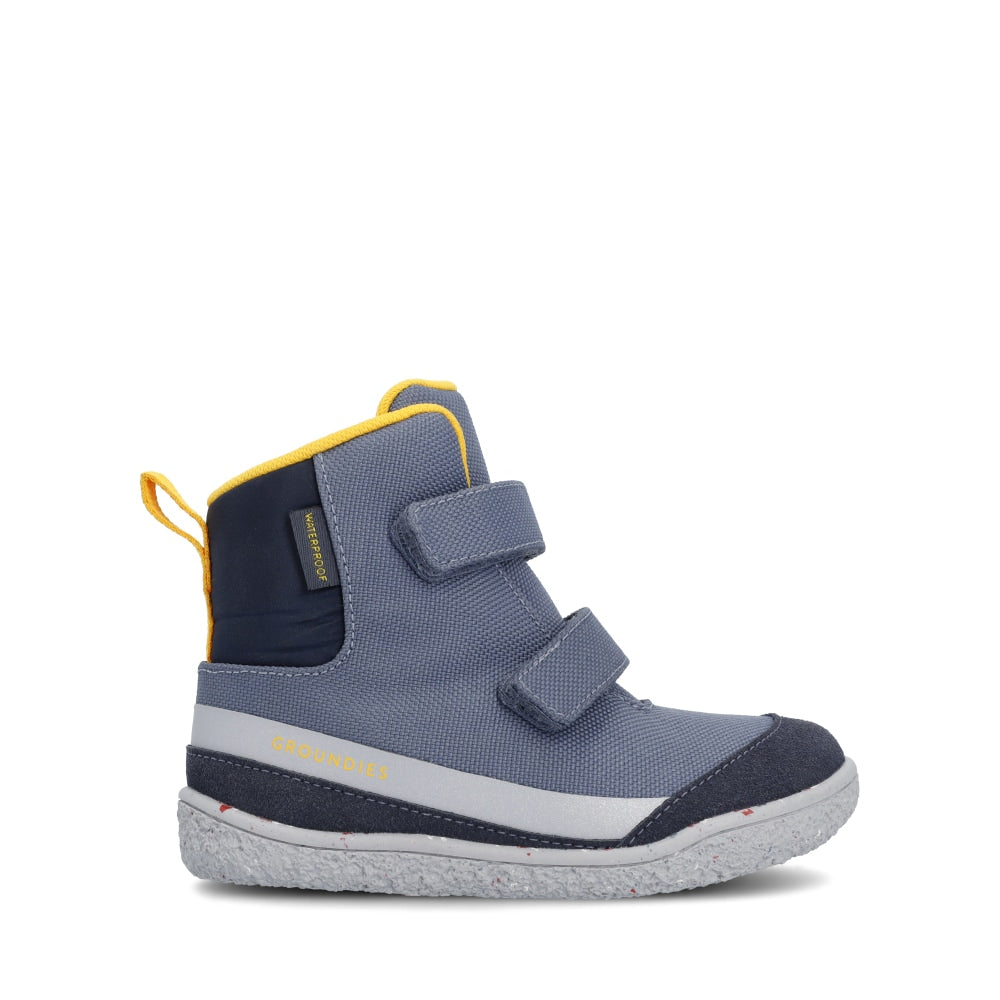 Navy/Yellow || Barefoot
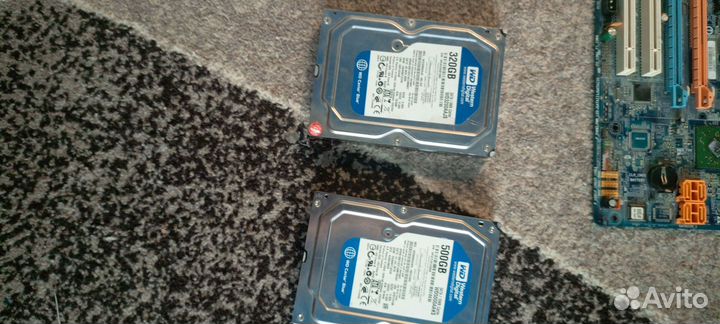 Запчасти для пк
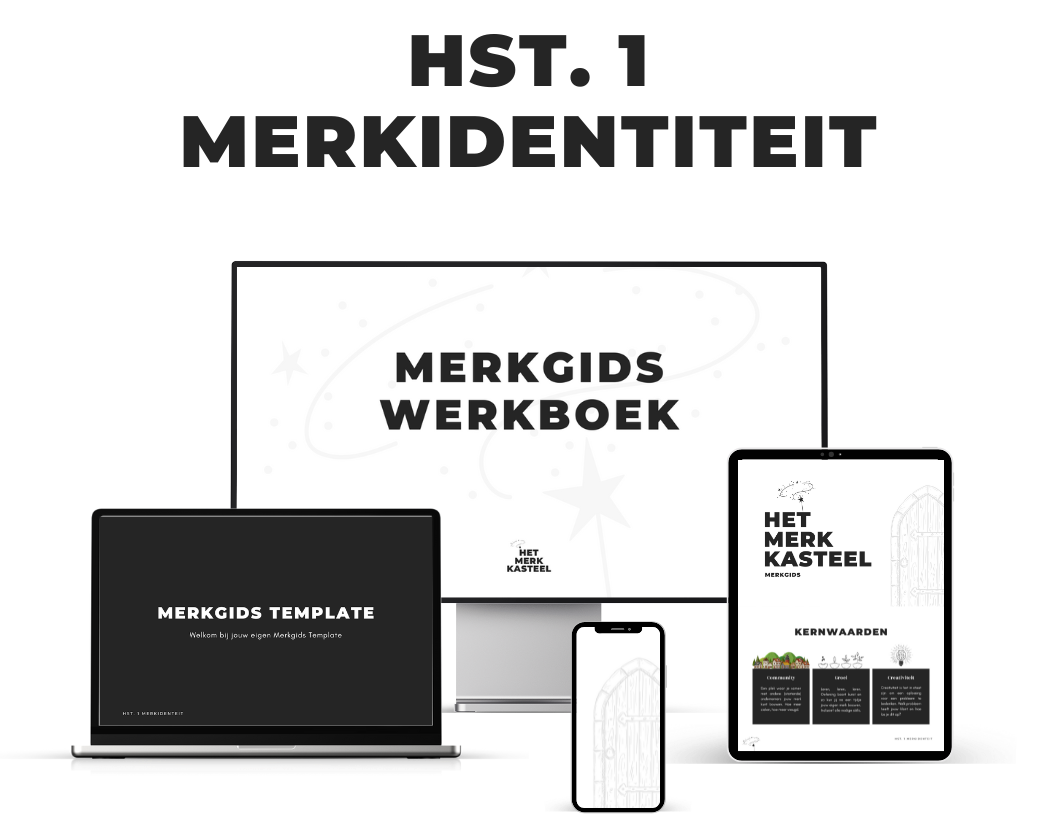 Merkgids Werkboek Hoofdstuk 1. Merkidentiteit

Exercise prompt >>
Reproduce the listing exactly. The pictures are to be omitted.

Reply to the exercise >>
 Navy/Yellow || Barefoot
 Запчасти для пк
 Merkgids Werkboek Hoofdstuk 1. Merkidentiteit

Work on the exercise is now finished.